They train to smile with chopsticks wedged between their teeth and books balanced on their heads. They must be nearly as tall as the Miss China beauty contestants and produce smiles outlasting any beauty contest: 4 hours and 48 minutes aboard the new train from China’s capital to coast.
The 313 attendants on the 1,318-km Beijing-Shanghai bullet train launched last week have earned the online nickname ‘high-speed sisters’ for their charm offensive. The glimpses of smile training sessions reported in the media served to divert some of the public attention away from the high ticket prices and corruption and safety scandals in China’s railroad expansion.
The pretty army carries forward the Chinese economy’s official obsession with hostesses between 19-22 years who can smile showing only six to eight front teeth. They are now an anticipated fixture in every national project starting from the Beijing Olympics to the Harmony trains launched ahead of the 90th anniversary of the Communist Party.
“Crew members must be female, younger than 28 years, be of fair complexion and have a shapely figure that conforms to selection standards,” according to the China Daily. “The crew must be able to converse in English and know all about the train. They must weigh less than 60 kg and be 165-170 cm tall.”
For pictures of the chopstick smiles, see this.
I was aboard the train, traveling ticket-less on a government-organised test run last Monday, read article.
The second-class compartment (555 yuan or Rs 3,885) had narrow blue seats ideal only for weight-conscious passengers. There was a charging point for my laptop and soon there will be wi-fi. The restroom had full-length mirrors and more space than an airline loo. Ahead in the first-class compartment, seats were wider and fitted with reading lamps. The red leather reclining business class seats cost more than an airline ticket with prices fixed at 1,750 yuan (Rs 12,250).
Perhaps frazzled by the railway officials and foreign camera crews roaming the length of the train last Monday, the high-speed sisters began to look nervous and tired after pushing heavy trolleys laden with KFC breakfast bags and later, chicken curry and shrimp lunch boxes. The attendants I spoke to couldn’t converse in English and kept forgetting to bring anything I requested.

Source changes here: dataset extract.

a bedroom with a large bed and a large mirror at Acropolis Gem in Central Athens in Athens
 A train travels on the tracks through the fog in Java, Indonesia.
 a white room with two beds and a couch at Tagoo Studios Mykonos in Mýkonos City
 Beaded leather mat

The bullet train has world-class technology and Chinese-style service. When I needed a glass of water, I got a choice of green tea or boiling water. The food selection was meaty except for little plastic bowls containing cherries, tomatoes and grapes. I had remembered to put a bread roll in my hand bag when I dashed out of my apartment at 6.30 am, but I was still hungry by lunch time. I requested an attendant to provide one of the packets of nuts that was distributed when I was away from my seat, interviewing an engineer. She forgot to smile or bring it, but she was kind enough to clear the shells left strewn all over my table by a passenger who enjoyed my window seat in my absence.